**EXERCISE DIRECTIONS:** In the entries below, find the line containing "業務用　レコード　サイズ　アルミ製　ブラック　カラー　キャリー　ケース　４個". Copy it and all lines after it, exactly, through the end.

---------------

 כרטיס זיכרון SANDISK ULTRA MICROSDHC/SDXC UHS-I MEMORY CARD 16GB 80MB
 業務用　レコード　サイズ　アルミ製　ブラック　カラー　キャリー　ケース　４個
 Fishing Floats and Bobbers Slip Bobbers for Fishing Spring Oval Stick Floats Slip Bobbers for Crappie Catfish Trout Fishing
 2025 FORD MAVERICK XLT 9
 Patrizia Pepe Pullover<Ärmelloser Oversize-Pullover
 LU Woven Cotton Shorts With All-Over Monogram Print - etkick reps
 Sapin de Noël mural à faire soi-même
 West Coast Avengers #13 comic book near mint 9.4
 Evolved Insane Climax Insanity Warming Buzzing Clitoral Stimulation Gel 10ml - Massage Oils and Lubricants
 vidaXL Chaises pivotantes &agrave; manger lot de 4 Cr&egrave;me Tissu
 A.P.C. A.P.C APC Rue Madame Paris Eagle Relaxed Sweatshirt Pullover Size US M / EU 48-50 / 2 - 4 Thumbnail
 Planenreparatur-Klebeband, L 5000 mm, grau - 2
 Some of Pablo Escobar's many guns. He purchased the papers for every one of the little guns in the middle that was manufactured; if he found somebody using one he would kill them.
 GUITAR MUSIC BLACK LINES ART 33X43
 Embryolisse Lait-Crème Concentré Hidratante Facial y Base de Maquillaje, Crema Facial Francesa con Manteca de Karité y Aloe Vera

---------------

**FINISHED EXERCISE:**
 業務用　レコード　サイズ　アルミ製　ブラック　カラー　キャリー　ケース　４個
 Fishing Floats and Bobbers Slip Bobbers for Fishing Spring Oval Stick Floats Slip Bobbers for Crappie Catfish Trout Fishing
 2025 FORD MAVERICK XLT 9
 Patrizia Pepe Pullover<Ärmelloser Oversize-Pullover
 LU Woven Cotton Shorts With All-Over Monogram Print - etkick reps
 Sapin de Noël mural à faire soi-même
 West Coast Avengers #13 comic book near mint 9.4
 Evolved Insane Climax Insanity Warming Buzzing Clitoral Stimulation Gel 10ml - Massage Oils and Lubricants
 vidaXL Chaises pivotantes &agrave; manger lot de 4 Cr&egrave;me Tissu
 A.P.C. A.P.C APC Rue Madame Paris Eagle Relaxed Sweatshirt Pullover Size US M / EU 48-50 / 2 - 4 Thumbnail
 Planenreparatur-Klebeband, L 5000 mm, grau - 2
 Some of Pablo Escobar's many guns. He purchased the papers for every one of the little guns in the middle that was manufactured; if he found somebody using one he would kill them.
 GUITAR MUSIC BLACK LINES ART 33X43
 Embryolisse Lait-Crème Concentré Hidratante Facial y Base de Maquillaje, Crema Facial Francesa con Manteca de Karité y Aloe Vera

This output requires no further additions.